= What is being asked =
From the line with "祝 誕生日 永遠のファッションアイコン" to the final line, print the records exactly as they are.

# # # # # # #

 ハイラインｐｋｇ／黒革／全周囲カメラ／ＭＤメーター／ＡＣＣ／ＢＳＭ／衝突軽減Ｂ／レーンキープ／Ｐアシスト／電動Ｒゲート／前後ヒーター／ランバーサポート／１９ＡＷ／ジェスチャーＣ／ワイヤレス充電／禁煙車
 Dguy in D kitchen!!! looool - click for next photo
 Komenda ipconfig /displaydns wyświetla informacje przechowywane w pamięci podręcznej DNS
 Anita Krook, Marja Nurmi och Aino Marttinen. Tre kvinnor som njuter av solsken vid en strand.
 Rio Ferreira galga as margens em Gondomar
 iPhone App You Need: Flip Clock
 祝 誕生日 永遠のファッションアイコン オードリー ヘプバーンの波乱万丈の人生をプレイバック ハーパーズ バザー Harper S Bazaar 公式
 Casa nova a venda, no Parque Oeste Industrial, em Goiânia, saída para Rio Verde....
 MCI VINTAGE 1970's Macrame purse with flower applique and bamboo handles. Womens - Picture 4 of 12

# # # # # # #

= Finished task =
 祝 誕生日 永遠のファッションアイコン オードリー ヘプバーンの波乱万丈の人生をプレイバック ハーパーズ バザー Harper S Bazaar 公式
 Casa nova a venda, no Parque Oeste Industrial, em Goiânia, saída para Rio Verde....
 MCI VINTAGE 1970's Macrame purse with flower applique and bamboo handles. Womens - Picture 4 of 12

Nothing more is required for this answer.